Beyond this, there's also the *Piano Sextet*, a relatively early work with a deceptively high opus number, scored for piano and the unusual string lineup of vn, 2 vas, vc and cb. It is sometimes coupled on CD with the octet or Schubert's Trout quintet. Here's the one I have:


----------



## Novelette

Yes! The String Quintets are underrated works of delightful inventiveness and varied sonority. Mendelssohn shows us the many, almost orchestral, effects that can be created by a string ensemble when rightly treated.

The piano quartets are youthful but vigorous, the second in F Minor is my personal favorite.

The piano sextet in D Major isn't a very substantial work: delightful and wispy but without great weight.

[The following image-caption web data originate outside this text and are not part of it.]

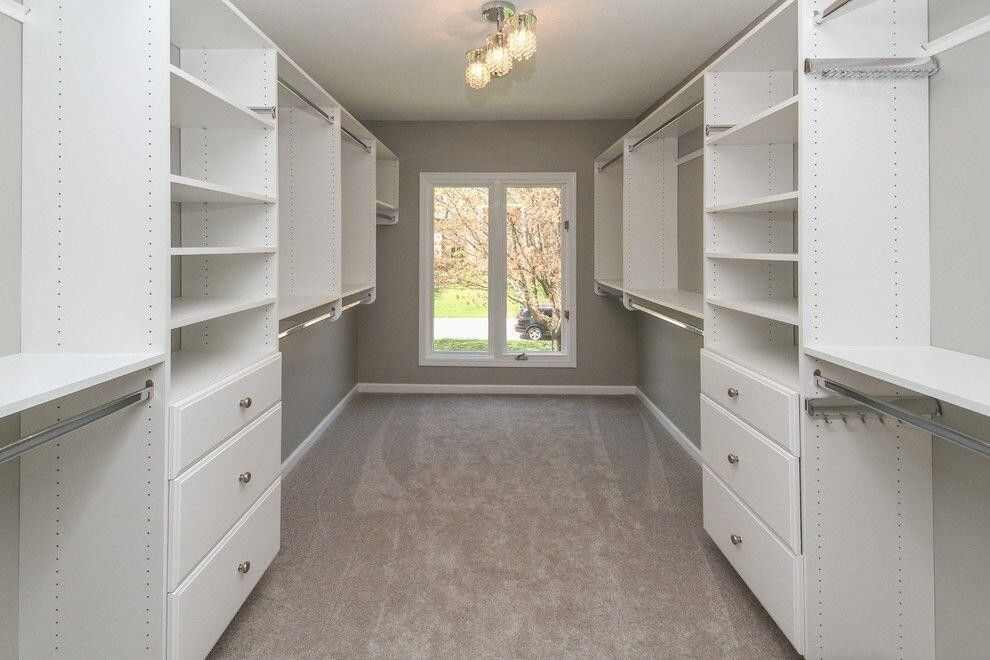 Gepersonaliseerde kast in moderne stijl voor kledingopslag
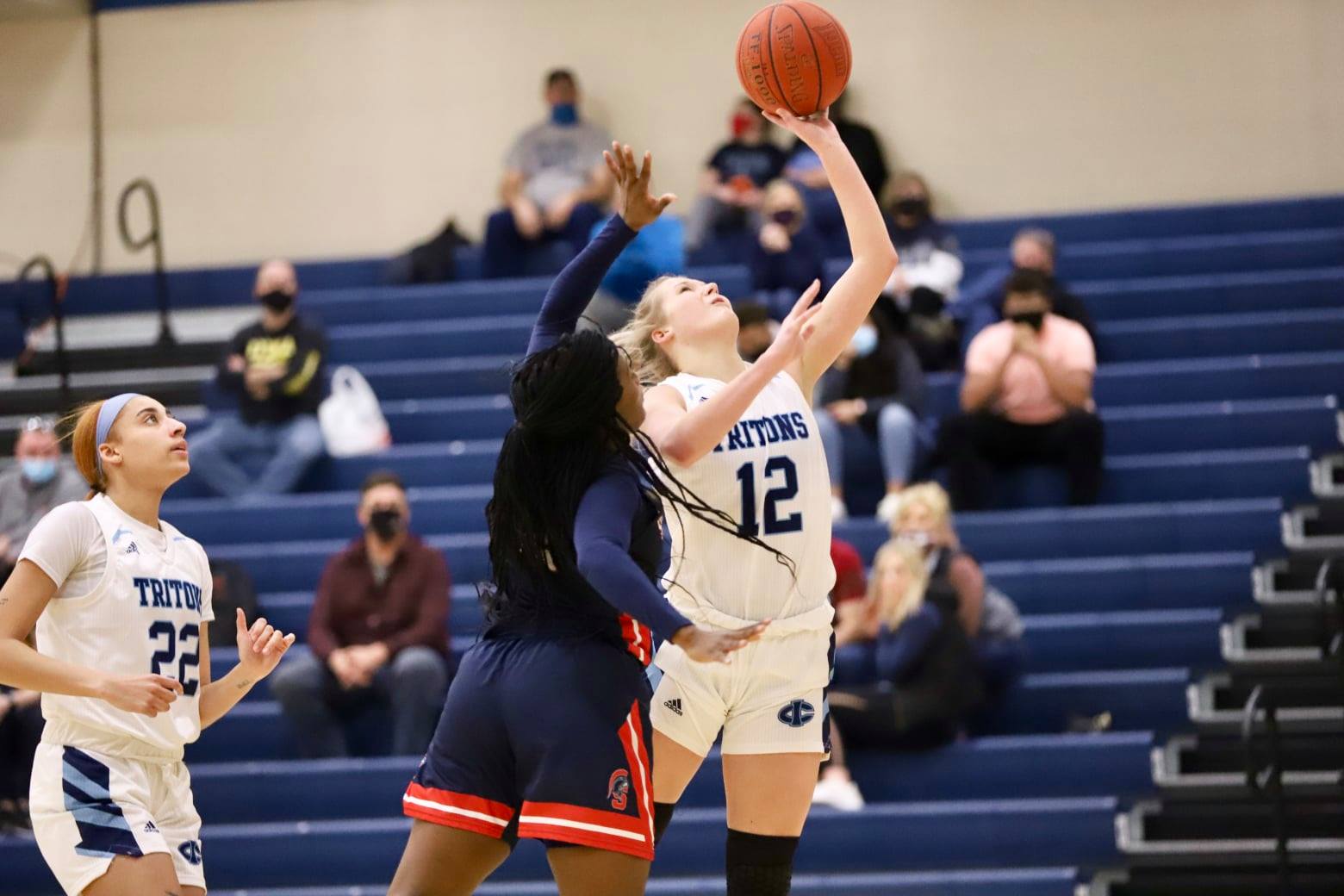 Iowa Central upsets No. 12 DMACC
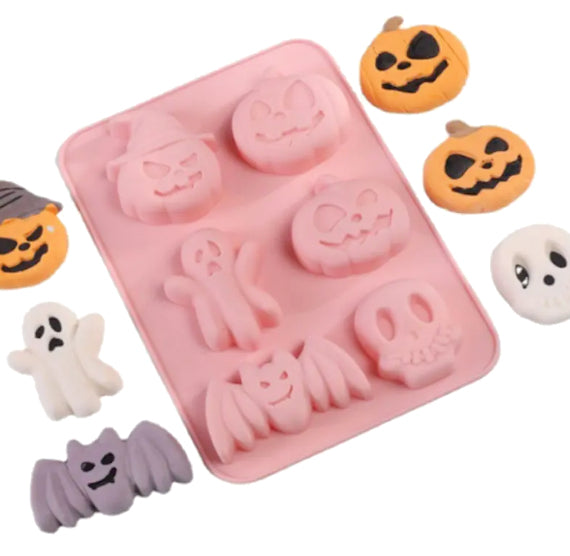 Silicone Halloween Mold: Spooky | www.sprinklebeesweet.com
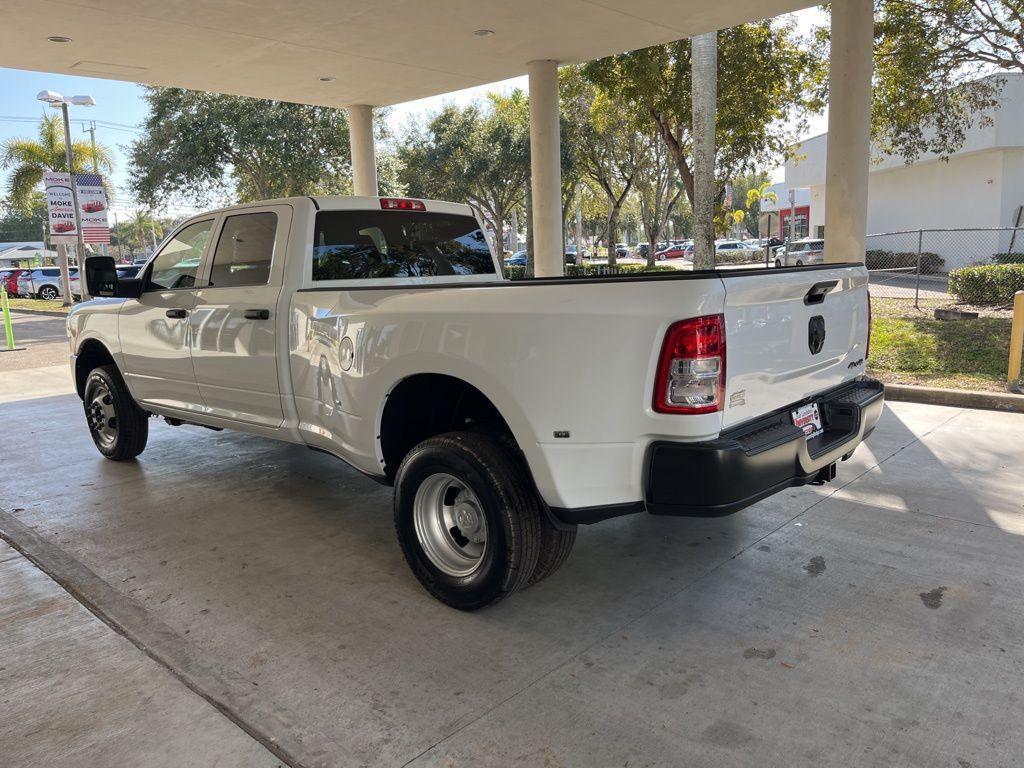 new 2024 Ram 3500 car, priced at $48,077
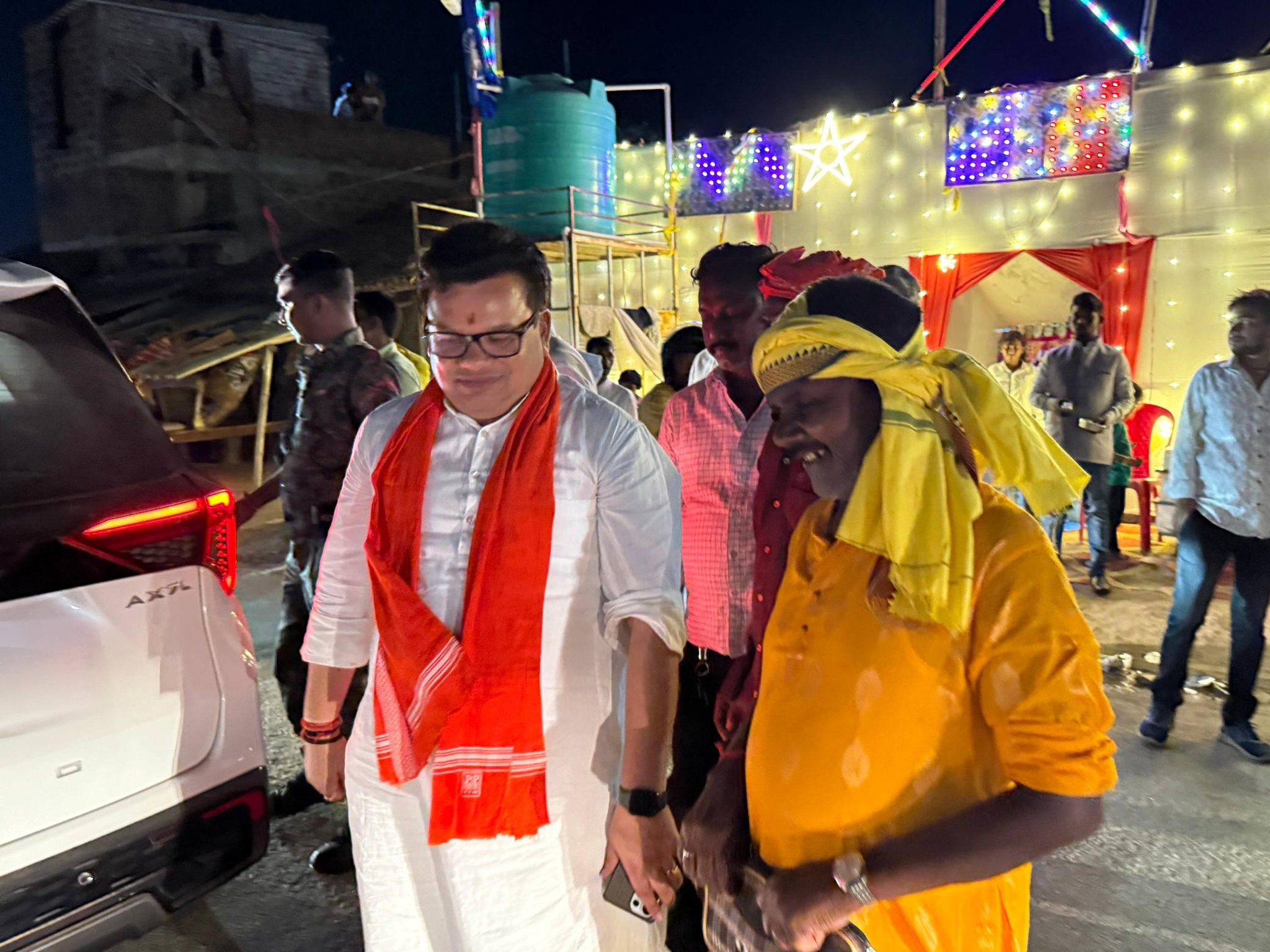 ग्राम- बैजनाथ बिगहा, औरंगाबाद निवासी श्री नरेश राम जी के यहाँ वैवाहिक समारोह की शुभकामनाएं प्रेषित कीं।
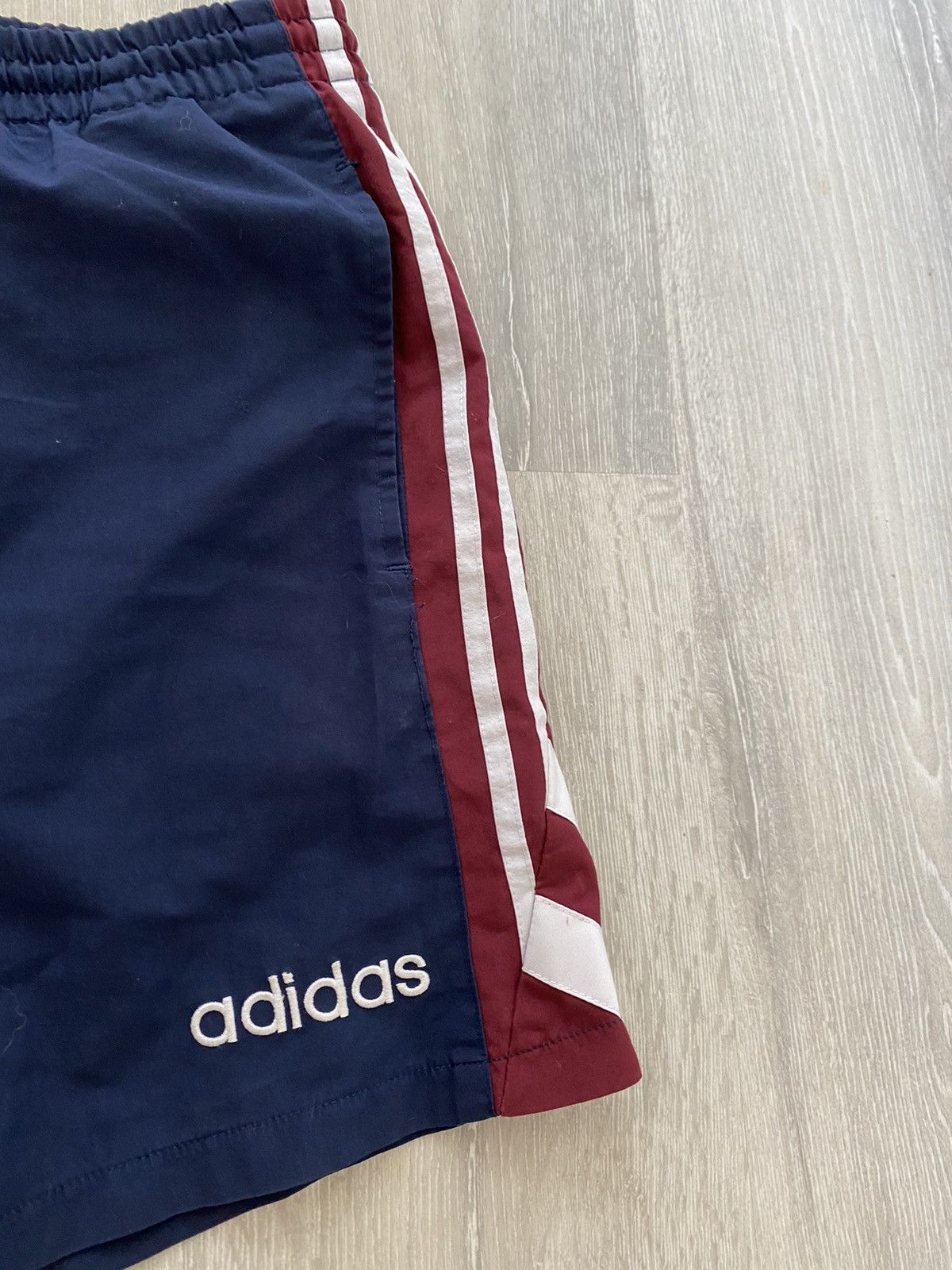 Adidas × Vintage Adidas vintage 90s shorts navy Size US 36 / EU 52 - 2 Thumbnail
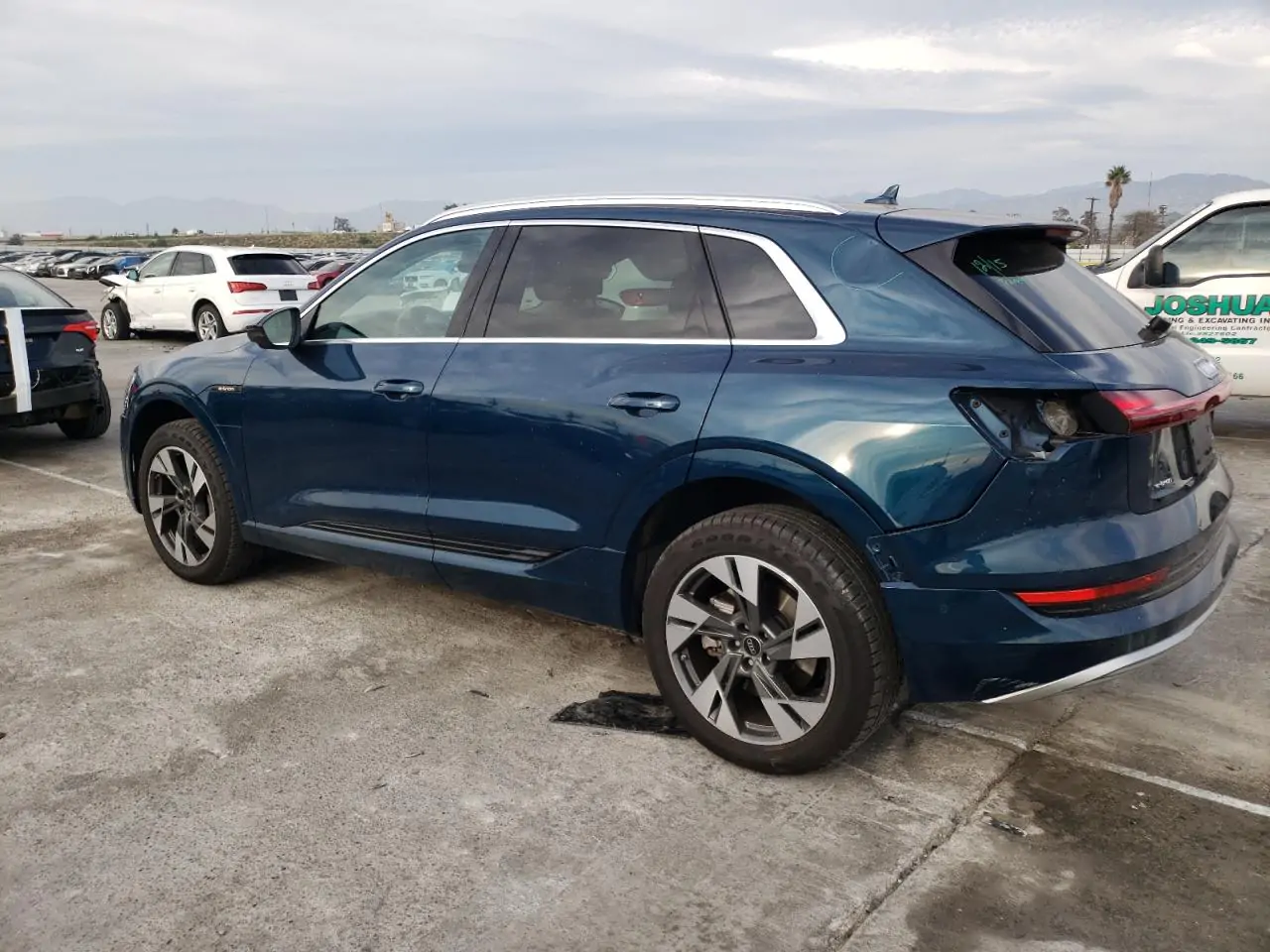 Автомобіль AUDI E-TRON PREMIUM PLUS 2023 | GrandCar Автомобіль AUDI E-TRON PREMIUM PLUS 2023 | GrandCar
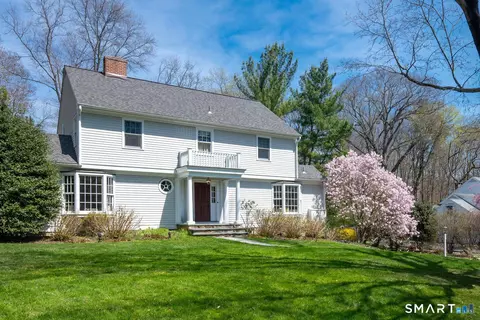 10 Queens Ln, Darien, CT 06820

Of especial interest is the "Four Pieces for String Quartet, Op. 81", all of the movements of which are extraordinary. The theme of the first movement has a very personal and reflective melancholy, while the several following variations are primarily melodic variations [the harmony remains largely unchanged]. The second movement, the Capriccio, is in E Minor; it is a work of relatively calm worry, a moderate turbulence and unsettledness. The Scherzo is in A Major: rollicking and up-tempo, it is a fine example of Mendelssohn's famous scherzi! The finale movement is a Fugue in E Flat Major, it has an otiose subject, and as far as the whole piece is concerned, it is the weakest movement.


----------



## elgar's ghost

I like his chamber works a lot. In addition to the octet, st. quartets (plus the aforementioned four pieces), st. quintets and trios I have the two cello sonatas. Taken as a whole, I prefer Mendelssohn's chamber output to that of Schumann's.


----------



## Aecio

It has already been mentioned by others but the 2nd quintet is really wonderful, it´s a pity Mendelssohn died so young because in this work (as in the SQ opus 80) you hear a different musician, if I try to compare I will say he was less Mozart and more Schubert (or even Schumann at some moments)


----------



## Vaneyes

What I own:

String Quintets - Raphael Ens. (Hyperion)
Piano Quartet, Op. 3 - Alikhanov/Moscow SQ (Melodiya)
String Quartets Opp. 12 & 13 - Juilliard SQ (Sony)
String Quartet, Op. 80 - Miro Qt. (Oxingale)
Piano Trios 1 & 2 - KLR Trio (VOX)
Cello Sonatas, etc. - Meneses & Wyss (Avie)

Others I can recommend:

String Quartets (Complete) - Henschel Qt. (Arte Nova)
Piano Trios 1 & 2 - Swiss Piano Trio (Audite )


----------



## Novelette

I can understand your preference for Mendelssohn's chamber music than Schumann's, elgars ghost. 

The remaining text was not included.